With Salsa, I dont think it would hurt to add a small quantity of white 5%
acetic vinegar (to avoid discolouration). The recipes in the Bernardin guide
to home preserving I believe includes vinegar anyways. I'd consider adding
a small amount of vinegar to be a safety insurance policy on top of pressure
canning (at least for salsa).

But you're right. If you're just canning tomatoes I wouldn't add vinegar to
them either

Pressure canning is a must in either case.
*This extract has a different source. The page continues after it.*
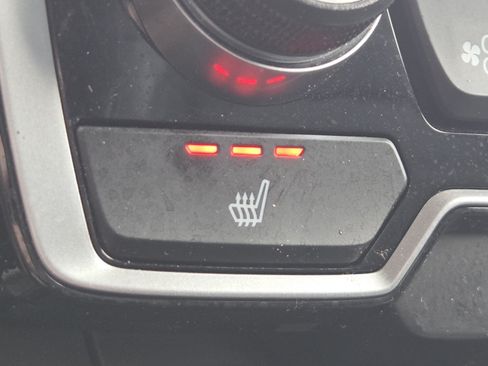 Used 2020 Honda CR-V Touring image 8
"zxcvbob" wrote in message
Jason wrote:

PS: You have to be extra careful with tomatoes because they are
borderline on the acidity scale. Use vinegar in your recipe (can't
remember if the bernardin book does it or not), and pressure can those
suckers. I wouldn't boil water bath them even with some vinegar. Not
worth the risk to me.


There's no need to add vinegar or lemon juice or citric acid to your
tomatoes if you pressure-can them. If you did have to add vinegar, you
would also need to add vinegar to your green beans, etc. :-P

If you BWB your tomatoes, use citric acid or lemon juice rather than
vinegar -- the amount of vinegar they tell you to add is enough to ruin
the taste of the tomatoes, but citric acid tastes OK. (Even commercial
canners add citric acid to their tomatoes.)

Best regards,

If you use a tested BWB recipe, pressure canning is definetly not a must.